Definiere doch mal schnell!
Außerdem welche RS485. Intern wie bei einem 8212 oder Zusatzkarte(welche).

PS. Der Code wird lesbarer in einem Code Tag


----------



## Thorkel (15 Juni 2021)

In dem Fall ist es ein EAP DO Modul mit 10 digitalen Ausgängen.

Wenn ich alle mehrere DO’s schalten will, wo jeder DO eine Modbus Funktion bekommt, schaltet jeder DO, gefühlt im Sekundentakt ein obwohl alle gleichzeitig kommen sollten.

Ich muss noch ein Raumbediengerät programmieren, das hat diverse Register zu schreiben.

Wenn ich dran denke, wenn 4 Register schon 4 s benötigen, was machen denn erst 20 Register zu schreiben. Das macht mir den Bus tot für andere Sensoren oder Aktoren.

Nur lesen klappt super schnell, wenn in einem Block lese, aber schreiben.

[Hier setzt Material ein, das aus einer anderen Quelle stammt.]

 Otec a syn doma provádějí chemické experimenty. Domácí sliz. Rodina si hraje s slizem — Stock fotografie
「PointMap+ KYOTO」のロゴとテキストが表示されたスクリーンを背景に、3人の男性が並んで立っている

Es ist die OnBoard Schnittstelle COM1


----------



## holgermaik (15 Juni 2021)

So wie ich das sehe lassen sich die Module als fortlaufende Register ansprechen. Somit hättest du nur einen Aufruf.
Wenn der Kabelausbau dies zulässt wäre auch eine Erhöhung der Baudrate möglich.
Bei deinem Raumbediengerät und den anderen Aktoren / Sensoren müsste man schauen welche Register zyklisch aufgefrischt werden müssen und welche nicht.


----------



## Thruser (15 Juni 2021)

Hallo,

wie schon geschrieben solltest Du Lese- und Schreibvorgänge zusammenfassen und jeweils mehrere Register gleichzeitig übertragen. Dann hast Du auch Datenkonsistenz. Immer vorausgesetzt, daß Deine Anwendung zyklische Datenübertragung verträgt. Bei Ein- und Ausgängen sollte es aber der Fall sein.

Bei Deinem Code oben hast Du zunächst einmal zwischen zwei Jobs der Jobliste (aJobs) eine Wartezeit von 200 ms (tScanRate). 

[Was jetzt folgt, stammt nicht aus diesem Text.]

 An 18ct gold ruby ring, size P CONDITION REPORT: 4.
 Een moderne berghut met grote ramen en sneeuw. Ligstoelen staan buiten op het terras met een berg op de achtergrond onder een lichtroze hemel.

Dann kommt noch die Verarbeitungszeit der State-Machines dazu. Ich bin der Meinung, daß pro Zyklus nur ein Case Zweig verarbeitet wird: z.B. wState ist gleich 10, es wird der entsprechende Case Zweig verarbeitet, am Ende des Zweig wird wState auf 20 gesetzt, dann wird nicht unmittelbar mit dem Case Zweig weitergemacht sondern an das Ende der Case Anweisung gesprungen, so daß erst im nächsten Zyklus mit dem Case Zweig für wState = 30 weitergemacht wird. So kommen dann noch diverse Zykluszeiten zwischen zwei Jobs dazu.

Gruß


----------



## Thorkel (16 Juni 2021)

Dank schon mal, ich versuche mal was zu Basteln.


----------



## strgalt (23 Juni 2021)

holgermaik schrieb:


> Außerdem welche RS485. Intern wie bei einem 8212 oder Zusatzkarte(welche).


Spielt das eine Rolle, ob die interne oder über z.b. er 652er?


----------



## Oberchefe (23 Juni 2021)

> Spielt das eine Rolle, ob die interne oder über z.b. er 652er?


Der Klemmenbus bremst, eine Controller-Interne Schnittstelle ist schneller, insbesonders bei größeren Datenmengen


----------



## strgalt (24 Juni 2021)

Oberchefe schrieb:


> Der Klemmenbus bremst, eine Controller-Interne Schnittstelle ist schneller, insbesonders bei größeren Datenmengen


Ok, war mir so nicht bewußt. Danke...


----------